# Available data
________________________

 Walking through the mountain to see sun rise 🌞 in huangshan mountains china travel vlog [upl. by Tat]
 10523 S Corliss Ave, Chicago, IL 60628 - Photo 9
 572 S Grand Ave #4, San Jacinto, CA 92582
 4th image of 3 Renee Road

________________________

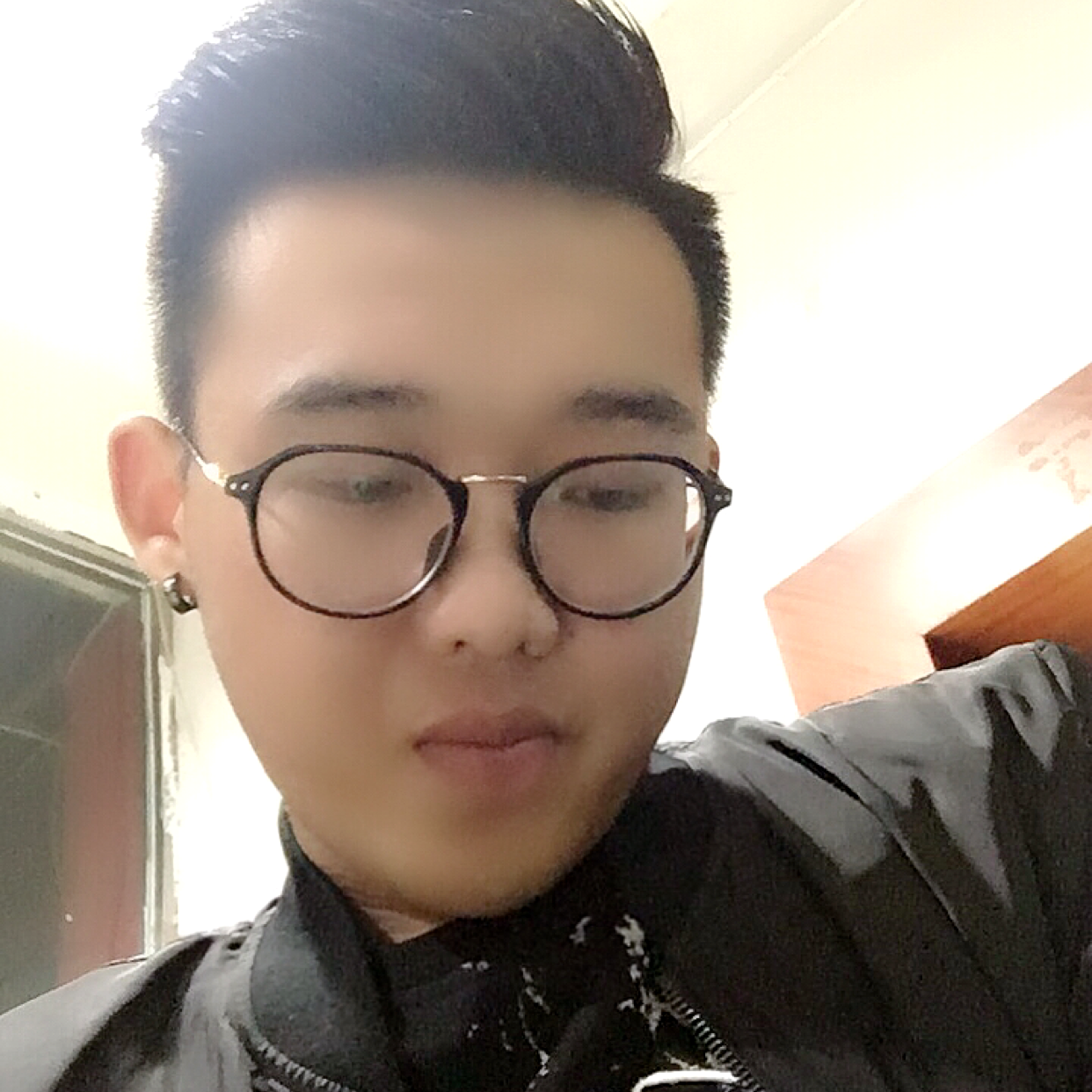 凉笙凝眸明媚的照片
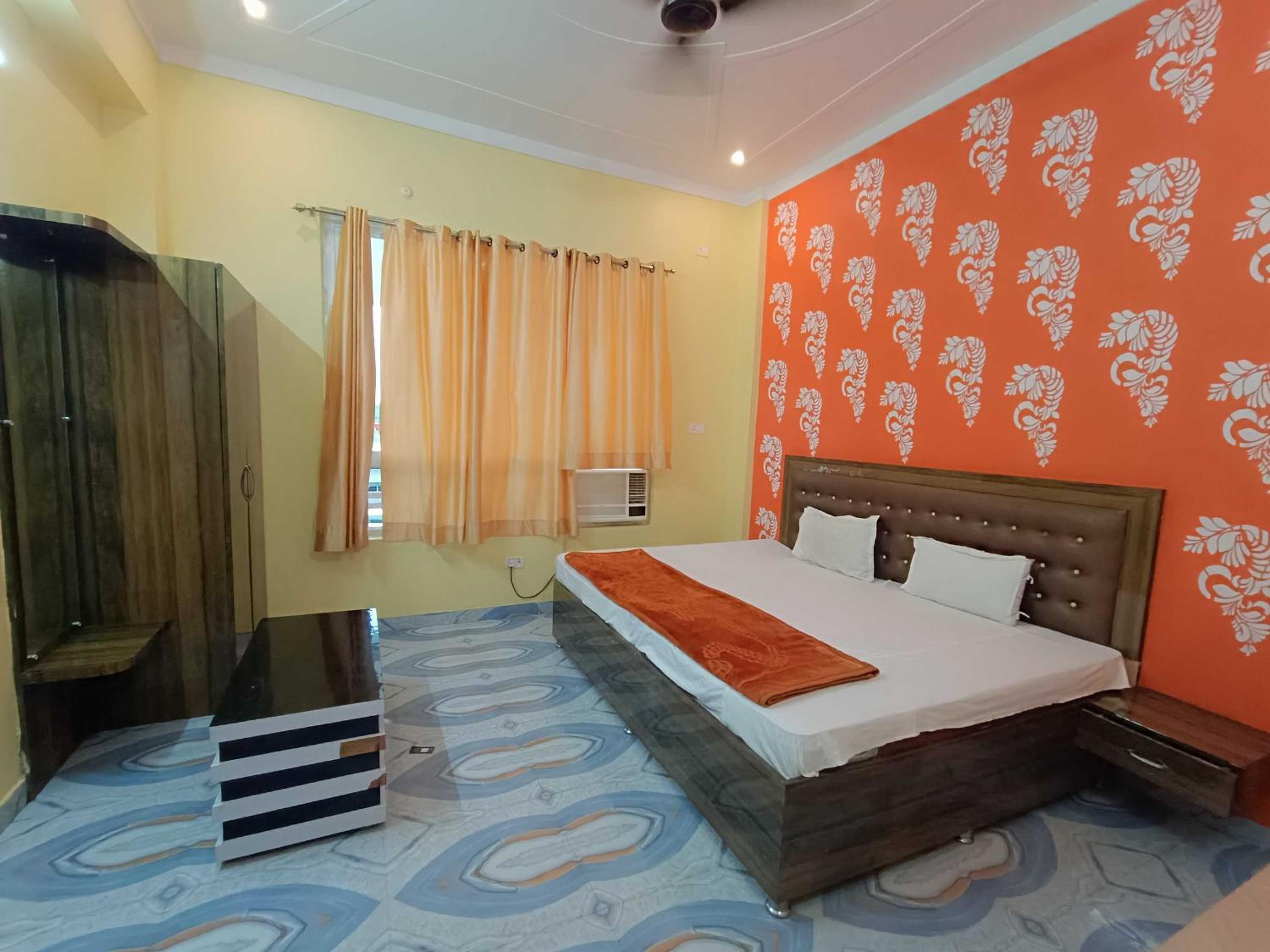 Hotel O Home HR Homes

________________________

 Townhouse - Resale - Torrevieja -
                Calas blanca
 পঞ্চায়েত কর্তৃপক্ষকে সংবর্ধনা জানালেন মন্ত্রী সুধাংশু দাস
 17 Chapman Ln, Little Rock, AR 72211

________________________

# Exercise brief
Here the output must be the lines above from the line with "10523 S Corliss" to the line with "4th image of 3 Renee Road", both included, duplicated word for word and nothing else.

# Output of the exercise
 10523 S Corliss Ave, Chicago, IL 60628 - Photo 9
 572 S Grand Ave #4, San Jacinto, CA 92582
 4th image of 3 Renee Road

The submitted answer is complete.